General Walter Fane CB was a British General who served in Central India, on the North West Frontier as well as in China during the Opium Wars. Fane raised a troop of irregular cavalry to fight in China made up of Indian volunteers and they went on to become Fane's Horse, a regiment that remains part of Pakistan's armed forces.
Walter Fane, a member of the Fane family, was born in 1828 in Fulbeck Lincolnshire. He was the son of the Rev. Edward Fane of Fulbeck Hall and brother of Colonel Francis Fane and Henry Hamlyn-Fane member of Parliament.
He entered the army in 1845 and became a lieutenant in 1853. He served in the Punjab Irregular Cavalry on the North West frontier where they fought a number engagements against the hill tribes.
During the Indian Mutiny of 1857 Fane fought against Tantya Tope and he was present when the Indian rebel leader was captured and executed.
In 1860 Fane raised the irregular cavalry force of Fane's Horse to fight in China during the Second Opium War.
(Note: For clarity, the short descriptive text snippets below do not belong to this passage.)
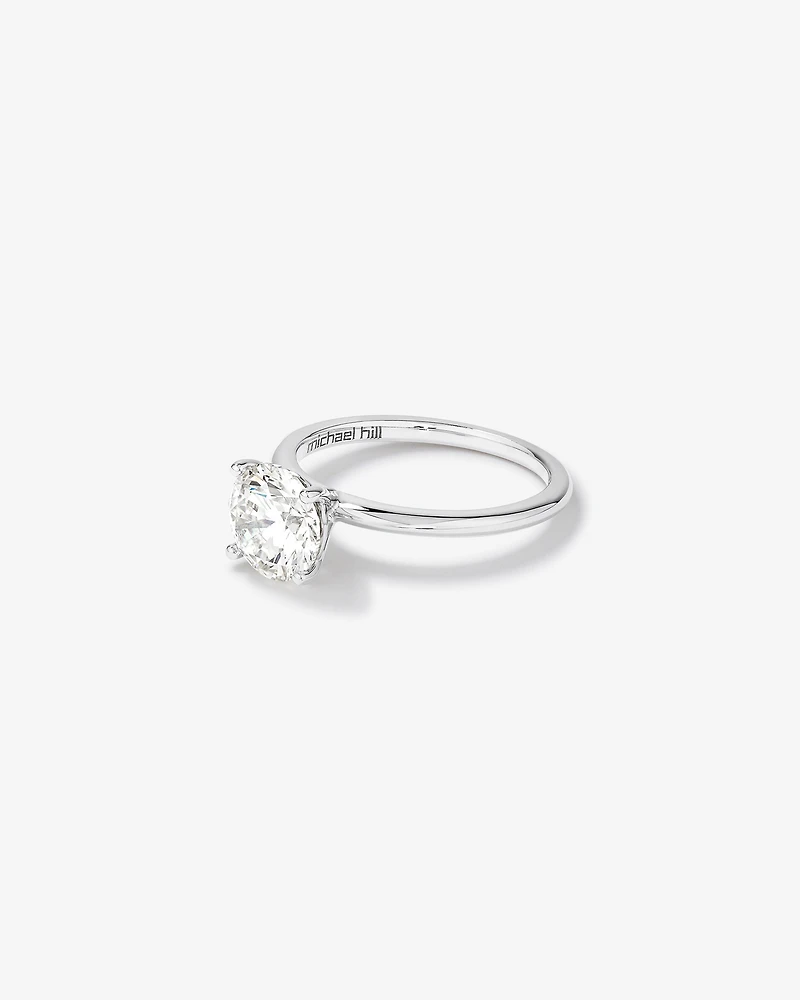 Bague de fiançailles ronde TW Brilliant Diamant Solitaire Cultivée en Laboratoire 2 carats or blanc 14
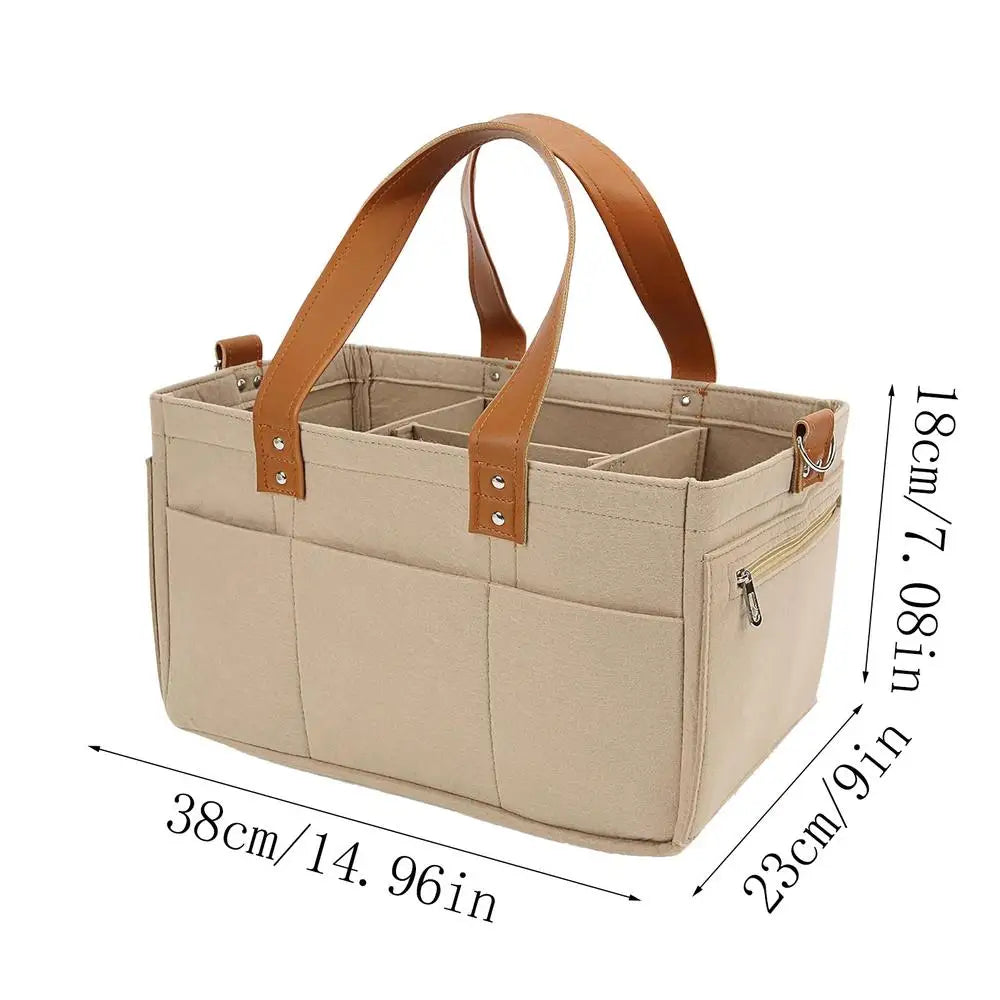 Diaper Organizer Felt Large Capacity Baby Travel Storage Bag Car And Nursery Organizer Travel Diaper Organizer Basket Diaper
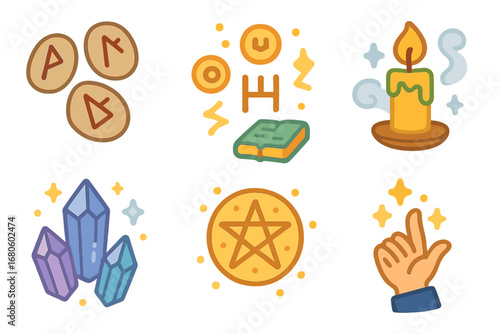 Magical Symbols Grid. Flat vector mini-illustrations chant symbols in colors children's illustrations: rune stones, magical glyphs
Fane's horse fought in the engagements of Sinho, Chinkiawbaw, Pulli-chi-on as well as in the sacking of Peking under Fane's cousin Field Marshal Sir John Michel. For these services he was nominated as a companion of the Order of the Bath.
Fane was also an artist and had limited success throughout his lifetime, and he was the most successful member of a moderately artistic family. He married but had no children and he died aged 58 in Fulbeck where is buried.